Better still, it’s a nice, filling portion, only required 20 minutes prep, and – according to Edward – ‘tastes delicious’ too.
‘People expect their Christmas dinner to be a plate piled high so it was important for me to produce a meal that looks like you have a decent amount of food,’ Edward told money-saving community LatestDeals.co.uk.
‘It’s quite a large meal, considering the price. The picture accurately represents how much food you would get in a portion.
‘I tested it out on friends and family, including my in-laws who loved it. There was minimal food wastage, too, which was impressive.’

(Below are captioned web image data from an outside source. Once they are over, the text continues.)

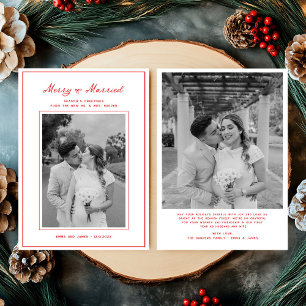 Merry & Married Bow Photo Christmas Newlyweds Holiday Card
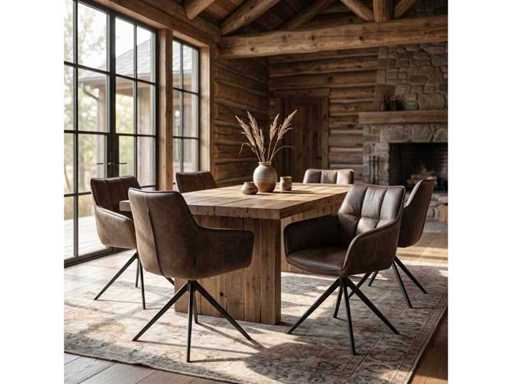 Set of 6 Dining Chair Tub with Armrest Dark Brown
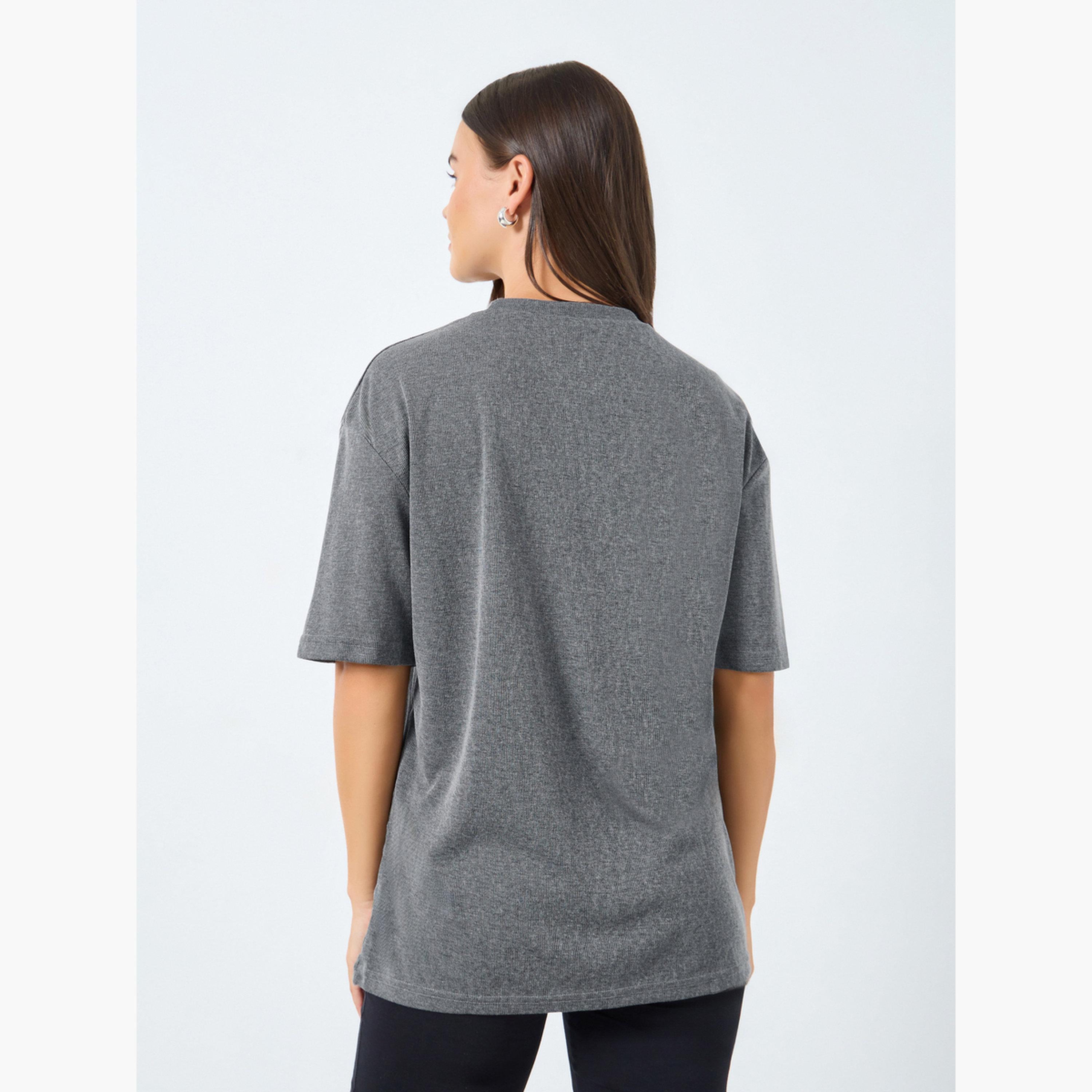 ستايلي - تي شيرت رمادي طويل الأكمام محبوك-women-clothing-tshirts-image-5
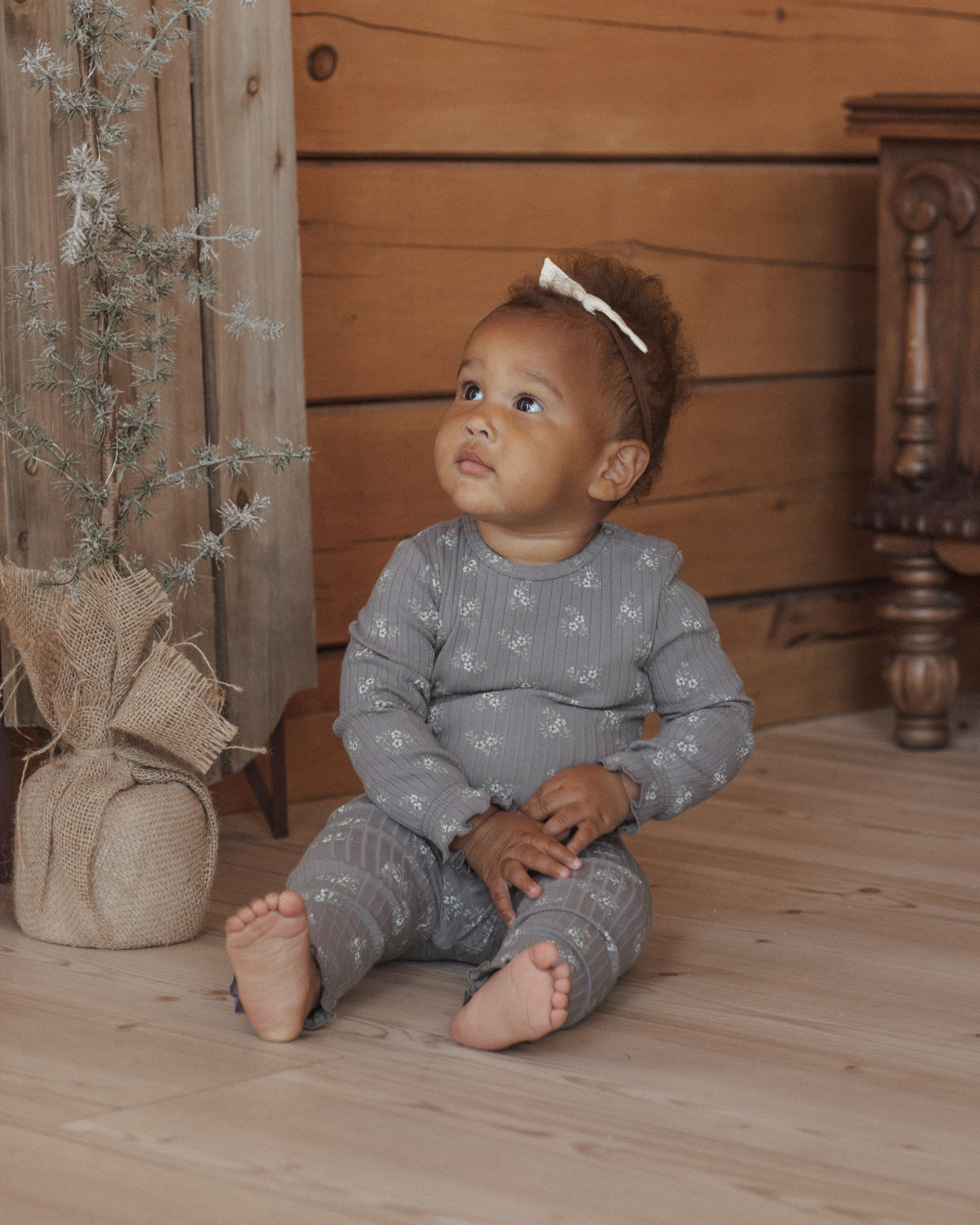 Smyth Bodysuit Slate Bloom - Rylee + Cru | Kids Clothes | Trendy Baby Clothes | Modern Infant Outfits |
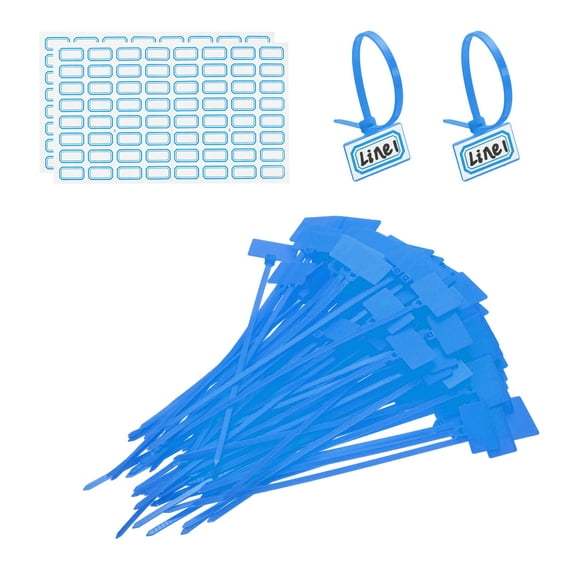 6inch Zip Ties, 100pcs Cable Ties Tags Nylon Wire Marking Label Self Locking Plastic Straps Write on with Label Tags Paper for Organization Cord Network Ethernet Marking, Blue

His ‘basic’ Christmas dinner for four clocks in at £3.73. Each portion includes a roast chicken leg stuffed with diced onion and cranberry sauce, roast potatoes, carrots, red cabbage and three stuffing balls served with gravy.
‘I started researching ingredients to work out the best way of putting together the Christmas dinner so that each portion was legitimately less than £1, without having to rely on any extra store cupboard ingredients,’ Edward says.
‘I built it around the staples I considered important: meat, potatoes, vegetables, gravy and stuffing. I quickly realised that turkey wasn’t going to be an option, as it’s more expensive than chicken. Next, I began looking at the different cuts and what was the cheapest. The answer was the legs.’
Following that, he had to decide which vegetables would make the cut.
‘I looked into various vegetables to add, such as sprouts, but at the time they were a bit more expensive than the other veg I selected,” he says. “The closer you get to Christmas, however, the prices can get crazy low so if you are making this meal during Christmas week, you may be able to get more veg for your money.’
His final shopping list is as follows:
- 1kg of chicken legs, £1.69
- 1kg carrots, 41p
- 1kg mini roasting potatoes, 19p
- Cranberry sauce (200ml), 45p
- An onion, 8p
- Chicken casserole seasoning mix (for the gravy), 17p
- Red cabbage (800g), 45p
- Sage and onion stuffing mix (170g), 29p.
‘I got everything in Aldi, bar the onion, but that’s only because I forgot it so popped to Asda to pick it up,’ adds Edward.
His quick and easy recipe means you won’t be slaving over a hot oven all day either.
‘Christmas dinner can be stressful to make but mine is very easy,’ he says. ‘It all goes into the oven at a similar time and there’s no faffing around. All you need to do is prep the chicken by removing the thighbones, and stuff it with the diced onion with the cranberry sauce.’
Some clever cooking hacks helped Edward to stick to his goal.
‘I worked out that the cheapest way to make the gravy was from a sachet of chicken casserole seasoning mix,’ he reveals. ‘Traditional granules would have yielded a lot more gravy but they were more expensive as they came in larger packets of around 500g.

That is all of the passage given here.